Ce qui est intéressant de noter, quand on regarde l’historique de la croissance mondiale, c’est qu’un tel découplage ne s’est tout simplement jamais produit. L’idée qu’il puisse exister une “Croissance Verte” où le PIB continuerait à croître indéfiniment alors que les dommages environnementaux diminuent est donc bien une idée, une théorie que rien dans l’observation des comportements passés ne peut étayer, bien au contraire. Nous observons aujourd’hui une forte corrélation entre la croissance du PIB et l’augmentation de notre consommation d’énergies fossiles et donc l’augmentation mécanique des dommages environnementaux.

Alors comment réduire nos émissions de gaz à effet de serre ? Sobriété ou efficacité ?

Plusieurs acteurs se sont penchés sur la question de la transition qu’il va nous falloir opérer en France pour aller vers une société neutre en carbone à horizon 2050 et tenter donc de respecter les accords de Paris. Parmi ces acteurs, les études de références sont pour moi celles produites par Le Shift Project, l’association NegaWatt et RTE pour la question de la transition électrique.
Dans toutes ces études, la réduction des émissions de gaz à effet de serre passe par plusieurs leviers dont les leviers de sobriété énergétique et d’efficacité énergétique. La différence entre les deux n’est pas toujours bien comprise. Les gains d’efficacité énergétique reposent sur des améliorations techniques plus ou moins complexes. Par exemple, l’isolation des logements. Si votre appartement ou votre maison sont mieux isolés, vous réduisez votre consommation d’énergie tout en ayant la même température de chauffage dans votre logement. D’un autre côté, il y a des leviers de sobriété énergétique, c’est-à-dire moins consommer “tout court”. Pour reprendre notre exemple, c’est le fait de consommer moins d’énergie pour chauffer votre logement car vous avez baissé d’un degré la température du chauffage.
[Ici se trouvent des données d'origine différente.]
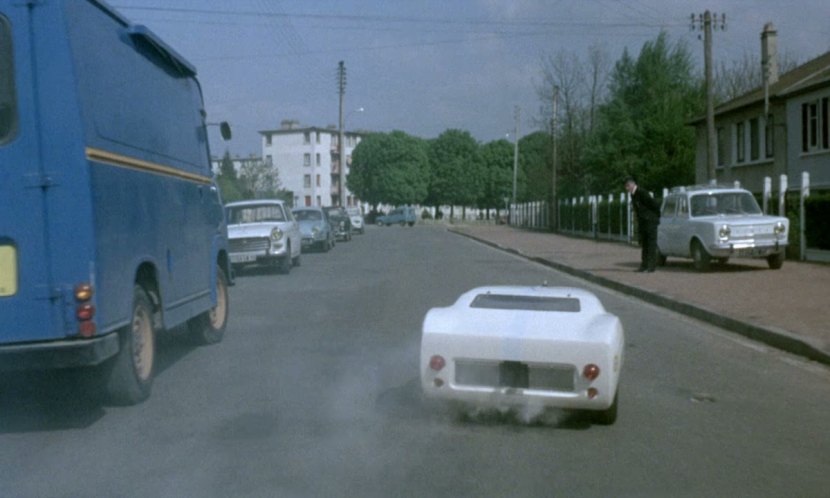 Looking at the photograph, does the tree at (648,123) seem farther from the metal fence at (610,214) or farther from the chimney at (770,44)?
the chimney at (770,44)

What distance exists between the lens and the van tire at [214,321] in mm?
11508

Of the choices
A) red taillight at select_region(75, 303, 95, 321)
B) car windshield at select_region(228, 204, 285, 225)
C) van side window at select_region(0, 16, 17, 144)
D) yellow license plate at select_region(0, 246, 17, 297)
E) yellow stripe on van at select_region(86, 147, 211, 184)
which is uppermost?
van side window at select_region(0, 16, 17, 144)

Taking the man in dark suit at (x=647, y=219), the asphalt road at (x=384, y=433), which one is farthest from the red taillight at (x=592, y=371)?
the man in dark suit at (x=647, y=219)

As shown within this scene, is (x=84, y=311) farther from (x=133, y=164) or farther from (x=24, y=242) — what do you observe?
(x=133, y=164)

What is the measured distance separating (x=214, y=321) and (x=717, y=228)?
12.3 metres

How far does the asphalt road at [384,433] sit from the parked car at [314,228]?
895 inches

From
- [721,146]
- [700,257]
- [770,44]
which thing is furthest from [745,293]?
[770,44]

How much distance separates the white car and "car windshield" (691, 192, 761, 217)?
52.2ft

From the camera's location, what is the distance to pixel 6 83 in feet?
22.4

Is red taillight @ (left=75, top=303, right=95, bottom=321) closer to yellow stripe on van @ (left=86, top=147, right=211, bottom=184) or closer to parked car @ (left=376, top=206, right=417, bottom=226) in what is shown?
yellow stripe on van @ (left=86, top=147, right=211, bottom=184)


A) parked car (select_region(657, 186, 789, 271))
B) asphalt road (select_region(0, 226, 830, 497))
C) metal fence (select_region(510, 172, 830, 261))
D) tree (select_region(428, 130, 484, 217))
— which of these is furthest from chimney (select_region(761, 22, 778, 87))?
tree (select_region(428, 130, 484, 217))

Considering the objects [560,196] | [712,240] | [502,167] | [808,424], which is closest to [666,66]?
[560,196]

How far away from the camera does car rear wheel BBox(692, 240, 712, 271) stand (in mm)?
21266

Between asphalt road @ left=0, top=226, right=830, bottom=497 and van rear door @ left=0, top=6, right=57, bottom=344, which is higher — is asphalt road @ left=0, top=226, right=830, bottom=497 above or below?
below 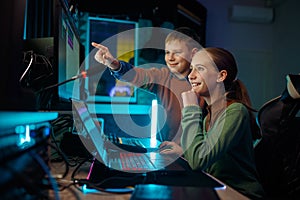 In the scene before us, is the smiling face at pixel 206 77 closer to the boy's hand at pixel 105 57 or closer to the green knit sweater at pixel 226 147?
the green knit sweater at pixel 226 147

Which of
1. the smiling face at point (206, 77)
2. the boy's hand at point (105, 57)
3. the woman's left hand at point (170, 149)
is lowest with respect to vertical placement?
the woman's left hand at point (170, 149)

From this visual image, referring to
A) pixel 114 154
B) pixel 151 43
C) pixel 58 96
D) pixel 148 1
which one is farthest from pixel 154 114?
pixel 151 43

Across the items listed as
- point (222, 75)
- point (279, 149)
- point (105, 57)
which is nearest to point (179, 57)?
point (105, 57)

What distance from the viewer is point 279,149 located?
37.9 inches

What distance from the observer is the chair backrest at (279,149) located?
87 cm

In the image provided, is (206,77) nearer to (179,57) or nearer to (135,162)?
(135,162)

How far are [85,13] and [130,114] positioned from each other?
3.43ft

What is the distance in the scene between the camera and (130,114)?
2.56 m

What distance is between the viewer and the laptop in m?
0.80

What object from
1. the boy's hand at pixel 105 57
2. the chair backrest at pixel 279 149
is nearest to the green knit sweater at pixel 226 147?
the chair backrest at pixel 279 149

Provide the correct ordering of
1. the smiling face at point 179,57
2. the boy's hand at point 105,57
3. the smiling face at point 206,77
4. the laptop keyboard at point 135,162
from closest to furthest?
the laptop keyboard at point 135,162
the smiling face at point 206,77
the boy's hand at point 105,57
the smiling face at point 179,57

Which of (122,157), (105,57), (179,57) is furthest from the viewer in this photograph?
(179,57)

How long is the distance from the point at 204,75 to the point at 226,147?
0.27 m

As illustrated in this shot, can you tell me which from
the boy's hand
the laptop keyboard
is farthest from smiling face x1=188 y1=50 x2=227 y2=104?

Revenons à notre croyance initiale : “l’innovation nous sauvera”. Est-il donc vrai que nous pourrons garder la même vie qu’aujourd’hui simplement en basant notre transition écologique sur des actions de type “efficacité” ?
D’après le scénario de transition énergétique de NégaWatt, en 2050, notre consommation d’énergie finale annuelle (toutes sources d’énergies) doit baisser de 723 Twh. Cette baisse est due pour 42% à des actions de sobriété et à 58% à des actions d’efficacité énergétique. Les deux leviers sont également étudiés et calculés dans le scénario utilisé par RTE pour modéliser quelle sera la consommation électrique en France en 2050. RTE estime que les actions de sobriété seront responsables de 31% de la baisse de consommation électrique. Enfin, les trajectoires étudiées par le Shift Project dans son plan de transformation de l’économie française estiment aussi que, dans tous les domaines économiques, des actions de sobriété sont indispensables pour atteindre la neutralité carbone en 2050. Rappelons le, tous ces modèles prennent en compte le développement de nouvelles technologies liées à la production d’énergie sur le solaire, l’éolien, l’hydrogène… L’état actuel de développement de ces technologies et le rythme auquel nous pourrions les déployer à grande échelle ne permet cependant toujours pas de se passer d’actions de sobriété pour atteindre notre objectif.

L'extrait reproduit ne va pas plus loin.